Harlem Désir ou l’art de ne plus payer d’impôts

Photo : Internet (messagerie)

L‘information qui m’avait échappé, remonte à juillet 2017. Elle a été publiée, entre autre à l’époque, par le Point et  bien qu’elle date un peu, mérite d’être rappelée car le personnage affiche un plan de carrière exemplaire malgré un passé qui lui, l’est beaucoup moins.

Comme d’autres nombreux camarades, Harlem Désir a appartenu à des mouvements dits révolutionnaires ou étudiants (trotskystes). A la tête du mouvement SOS racisme il s’est fait connaître du grand public et s’est trouvé propulsé au devant de la scène. Son pédigrée long et sinueux, montre un sens de l’opportunisme remarquable.

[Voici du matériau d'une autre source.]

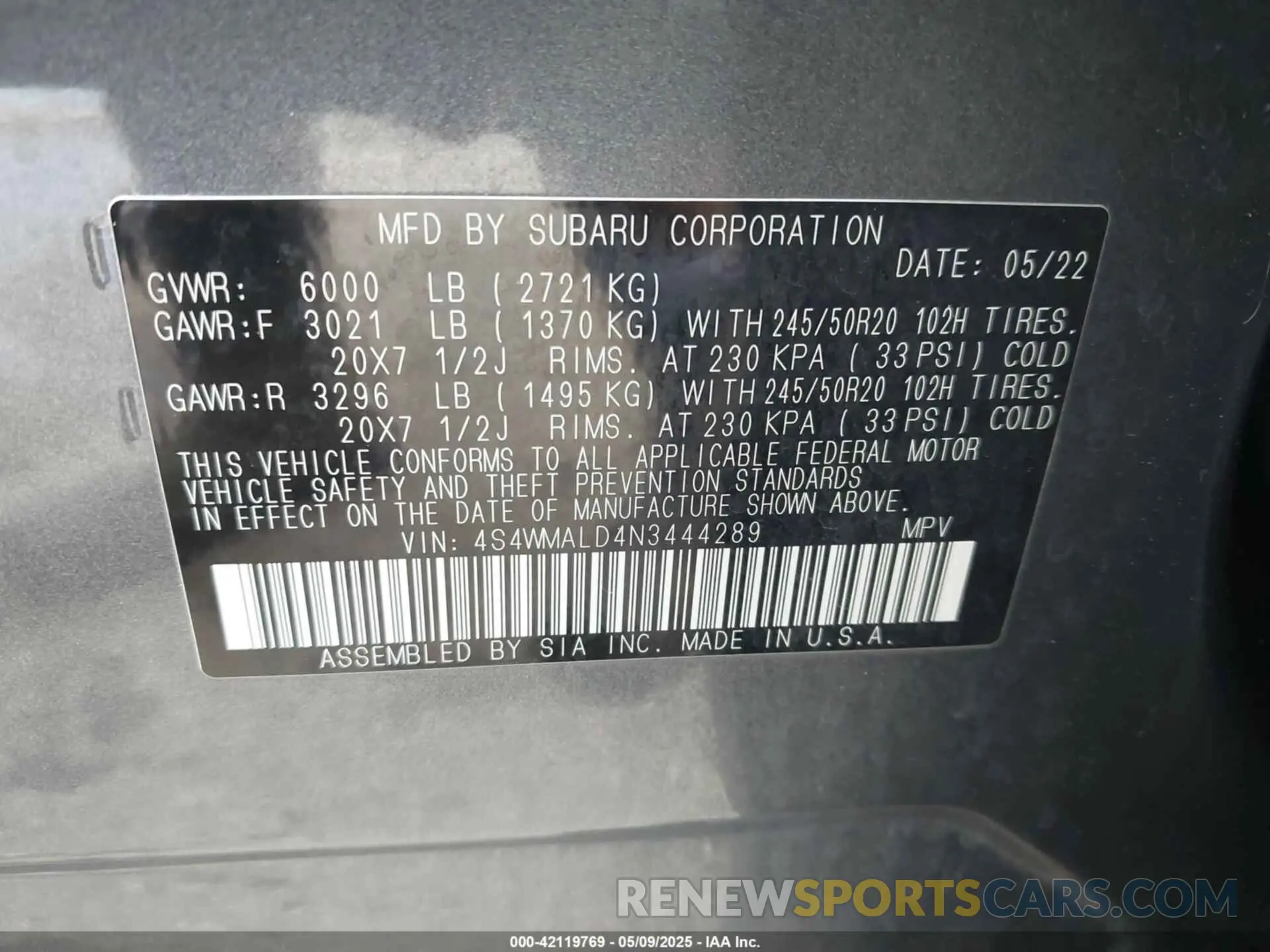 9 fotografías del automóvil dañado 4S4WMALD4N3444289 SUBARU ASCENT 2022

Mais Harlem Désir comme aussi d’autres politiques, d’ailleurs de plus en plus nombreux, a été condamné par la Justice en 1998. Pendant qu’il occupait la présidence de SOS Racisme il était salarié par l’« Association régionale pour la formation et l’éducation des migrants », basée à Lille en tant que « formateur permanent ». Il a perçu pour cet emploi fictif, un salaire mensuel net de 8.900 francs pour lequel il a été condamné a 18 mois de prison avec sursis et 30.000 francs d’amende. Selon Wikipédia, “Harlem Désir aurait également bénéficié d’une amnistie de François Mitterrand concernant une dette de 80.000 francs au Trésor public, relative à des amendes de stationnement (décision de justice du ) alors qu’il était président de SOS Racisme“.

Malgré ces petites erreurs pour lesquelles ses relations et amis ont fait preuve d’une grande mansuétude, il a été nommé grâce, à Hollande, représentant de l’Organisation pour la sécurité et la coopération en Europe (OSCE) pour la liberté des médias. Un poste dont l’utilité reste obscure pour la plupart des français mais qui présente pour l’intéressé des avantages substantiels comme la dispense du paiement des impôts. Je note au passage que lorsque des postes de hauts fonctionnaires sont créés, les législateurs n’ont aucun scrupules à attribuer des privilèges financiers à ceux qui, de part leur rémunération, n’en ont plus besoin. Cette parenthèse refermée reste la morale : peut-on gratifier un personnage repris de justice ? En France comme à l’ONU la question ne se pose pas !

A quand le casier judiciaire vierge pour nos politiques ?

2 commentaires

  1. Il y a parfois des infos qu’on préfèrerait ne pas connaître, histoire de limiter nos raisons d’être en colère !!
    (mais… il est quand même bon de savoir ces choses-là !)
    Harlem Désir, le cliché-même du politique aussi inutile que médiocre, qui lui, nous coûte vraiment un “pognon de dingue”.
    On ne peut que lui reconnaître la forme “d’intelligence” (= opportunisme + absence totale de scrupule), qui lui permet de profiter à fond de ses réseaux, appuis, connaissance du système, etc. pour se faire, en toute discrétion, une jolie place au soleil.